→ **What you need to do**: Where the line containing "Leaked documents reveal" appears, end the copy there, keeping that line; start from the first line of the entries, copy exactly, and omit pictures.

→ **Data provided**:
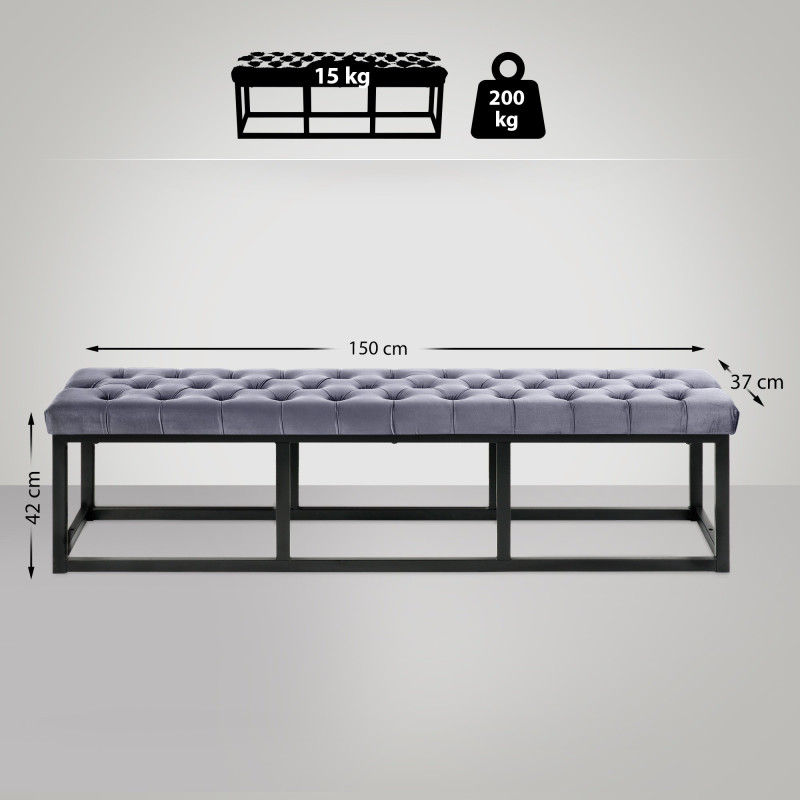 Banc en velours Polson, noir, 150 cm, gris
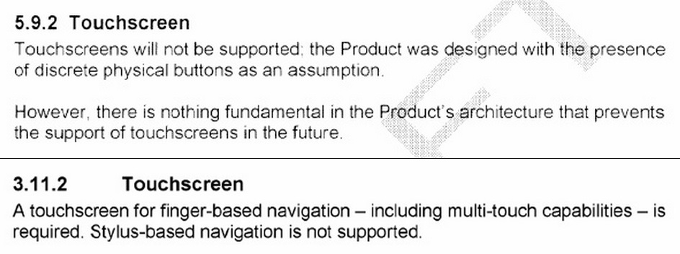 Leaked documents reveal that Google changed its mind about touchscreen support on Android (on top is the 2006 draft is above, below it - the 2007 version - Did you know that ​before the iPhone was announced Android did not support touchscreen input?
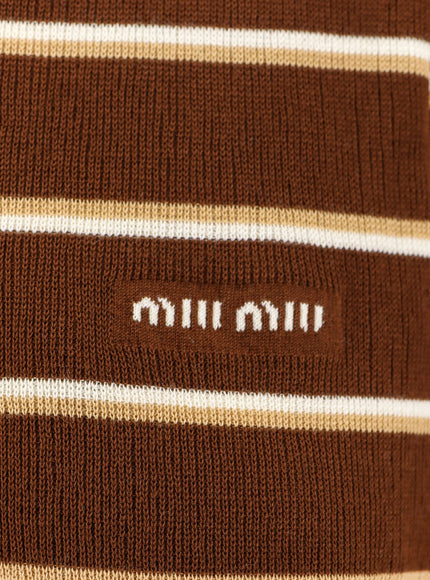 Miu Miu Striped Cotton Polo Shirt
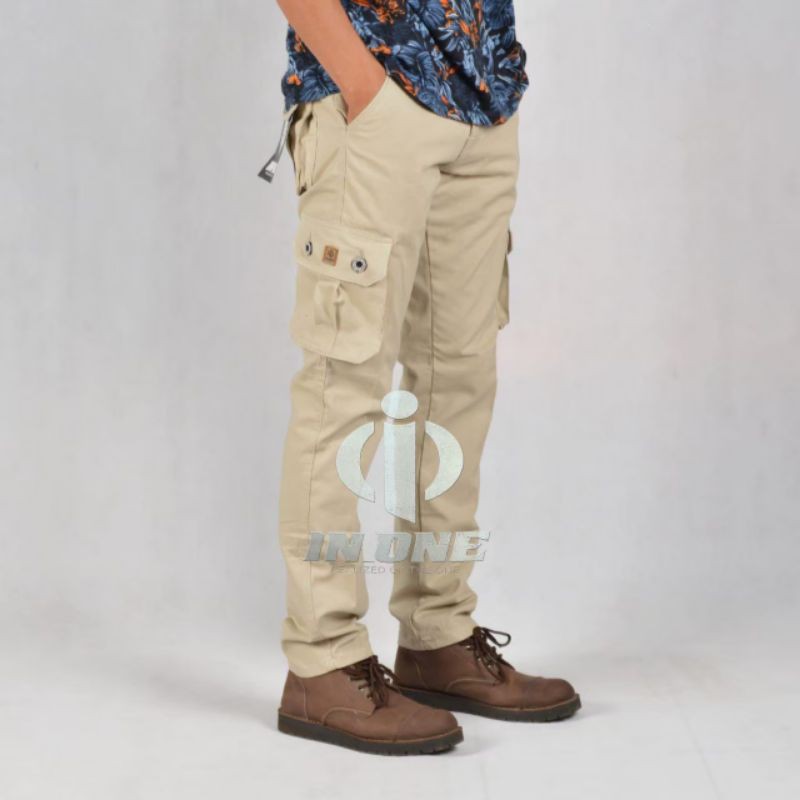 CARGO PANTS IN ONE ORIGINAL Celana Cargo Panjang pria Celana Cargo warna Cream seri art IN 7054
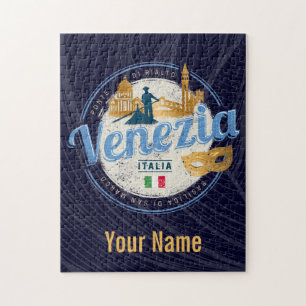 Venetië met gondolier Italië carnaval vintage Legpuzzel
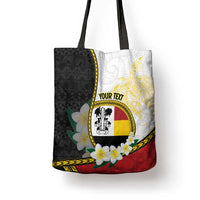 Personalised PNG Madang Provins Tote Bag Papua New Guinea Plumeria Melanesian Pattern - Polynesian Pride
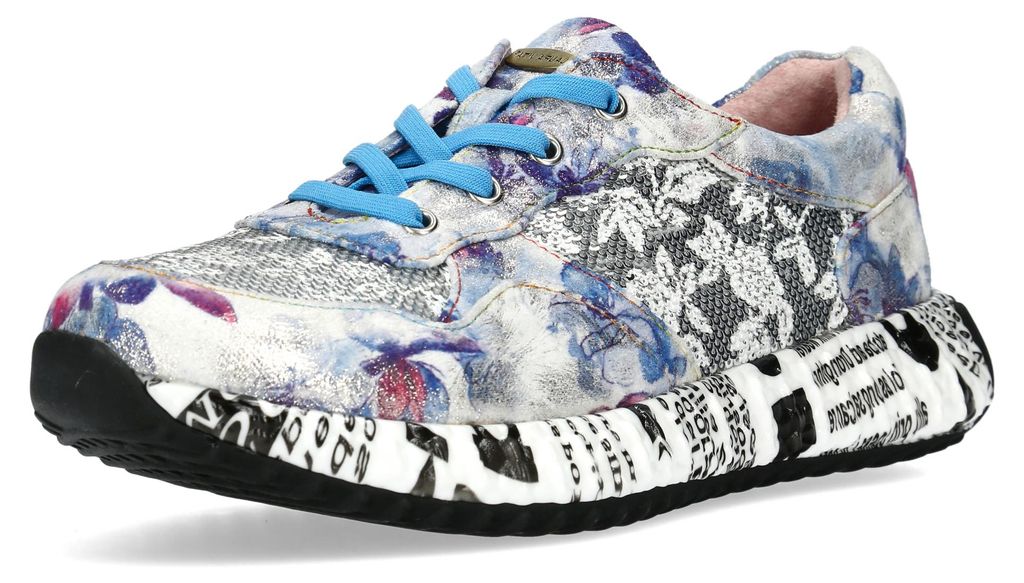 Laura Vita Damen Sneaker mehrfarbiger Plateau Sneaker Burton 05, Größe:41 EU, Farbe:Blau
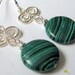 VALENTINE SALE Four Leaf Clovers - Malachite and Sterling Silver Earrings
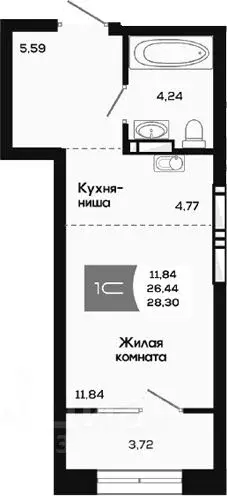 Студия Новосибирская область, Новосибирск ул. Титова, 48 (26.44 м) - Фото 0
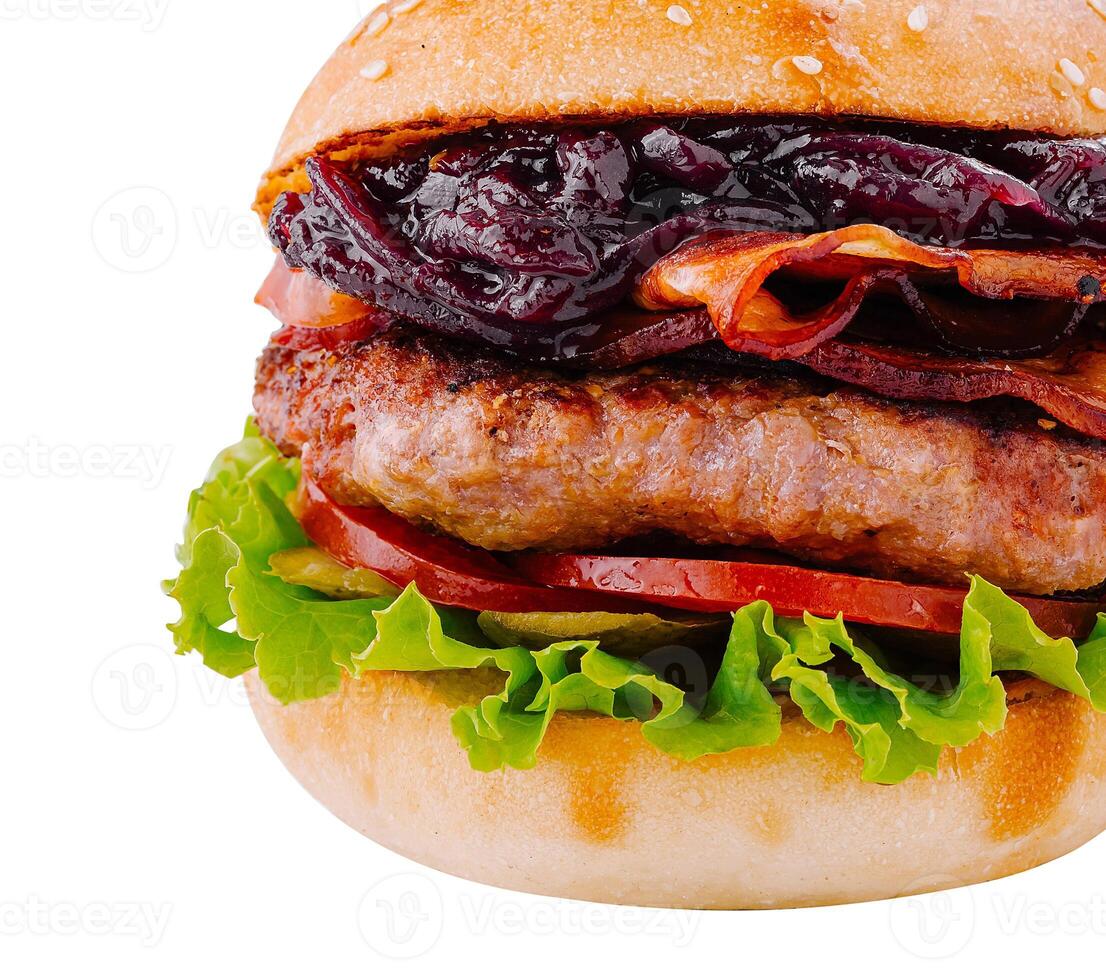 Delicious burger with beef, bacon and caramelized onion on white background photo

→ **Solution for this problem**:
 Banc en velours Polson, noir, 150 cm, gris
 Leaked documents reveal that Google changed its mind about touchscreen support on Android (on top is the 2006 draft is above, below it - the 2007 version - Did you know that ​before the iPhone was announced Android did not support touchscreen input?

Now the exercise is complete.